Dentre tantos nomes de especial significado no imaginário popular brasileiro, existe um que se destaca notoriamente, a abreviação de José, o santo casado com Maria, mãe de Jesus, que nomeia milhares e milhares de cidadãos país a fora, geração pós geração, quantos Zés nós conhecemos? Zé Pedro, Zé Milton, Zé Maria, Zé ninguém, Zé apenas Zé, existe um Zé perto de cada um de nós, na família, na “firma”, no bairro, na cidade, quem não é fã de um Zé?
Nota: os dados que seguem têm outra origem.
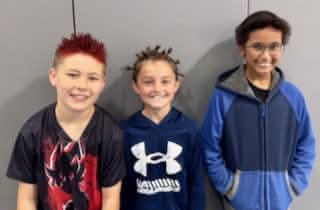 Three Mayflower students posing together indoors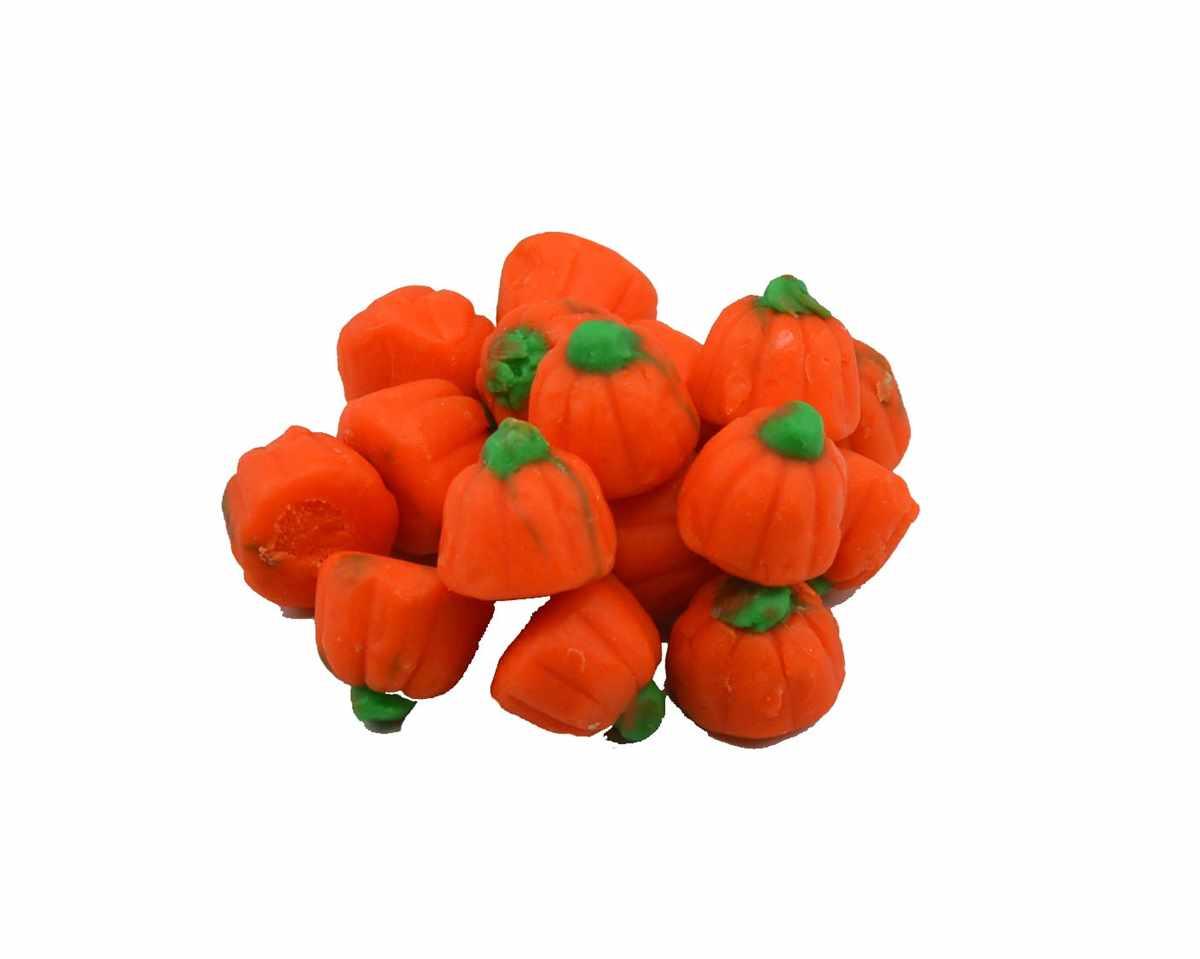 Orange pumpkin-shaped candy with green stems on a white background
Pode-se dizer que esse talvez seja, o nome mais brazuca dos nomes brazucas que circulam os lares da nação.


Partindo do princípio que mundo a fora prêmios de cinema levam a alcunha própria de alguém, Oscar (EUA), César (FR) e David (IT), prêmio do Festival que propõe colocar a beirada no meio do mundo, só poderia chamar-se Seu Zé, em homenagem ao nosso Seu Zé, do cinema de Diadema, e a cada Seu Zé vivente na mente e nas diversas terras tupiniquins.